Antonio Ortu

Short Bio

I was born in the island of Sardinia, Italy, and grew up in a small village in a hilly countryside. In 2009, I obtained my high school degree of Technical Aviation Expert. I had my first experience abroad as AFS participant in 2007, thanks to which I lived for one year in Hudiksvall, Sweden, where I attended a local high school and lived with a local family.

I started my studies in physics at University of Pisa, Italy, where I obtained both my Bachelor (2014) and Master degrees (2016), and which included an experience of one year with the Erasmus+ program at KU Leuven, in Belgium. In Pisa, I worked on my thesis in a cavity optomechanics experiment, under the supervision of Prof. Donatella Ciampini. In 2017 I joined the quantum memory and repeaters project lead by Mikael Afzelius at the Group of Applied Physics at University of Geneva, Switzerland, and hence the QCALL network, as a PhD student.

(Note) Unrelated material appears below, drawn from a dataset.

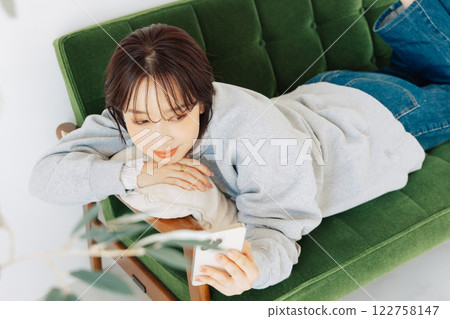 Woman using smartphone on sofa 122758147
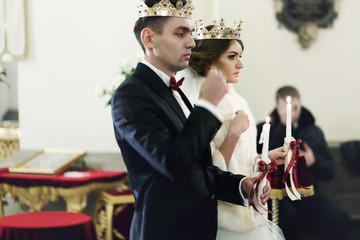 Bride and bridegroom standing in crowns during the ceremony in t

I am interested on all aspects of quantum physics in general, especially by its “weirdness” and counterintuitive predictions, while at the same time I love how we can learn to use it in our everyday lives. In front of a beer, I will probably draw you down in conversations about technology, foreign cultures and languages and, of course, physics!

Current Reasearch

We can think of a quantum network as a group of nodes where quantum information can be processed. For these nodes to communicate, light can be used as a carrier of qubits and optical fibers-based connections will direct photons from the sender to the receiver. However, losses are inevitable, and increasingly so on long distances. This has consequences on the overall performance on the network as low communication rates. A possible solution to this problem is the use of quantum repeaters.

A simple implementation relies on the creation of pairs of entangled photons which will travel to the nodes we want to connect from a repeater, after which a measurement will confirm the successful sharing of entanglement.

At this level, quantum memories come into play. The generated entangled photons can be stored in order to wait for all the nodes to be connected by entanglement. This dramatically increases the rate of communication among nodes.

In my project at QCALL, I work on a practical implementation of a quantum memory. More specifically, I am investigating the quantum properties of solid state materials doped with Rare Earth ions, which are able to “store” the state of an input photon as a collective excitation of their internal degrees of freedom and release it on demand as an output photon.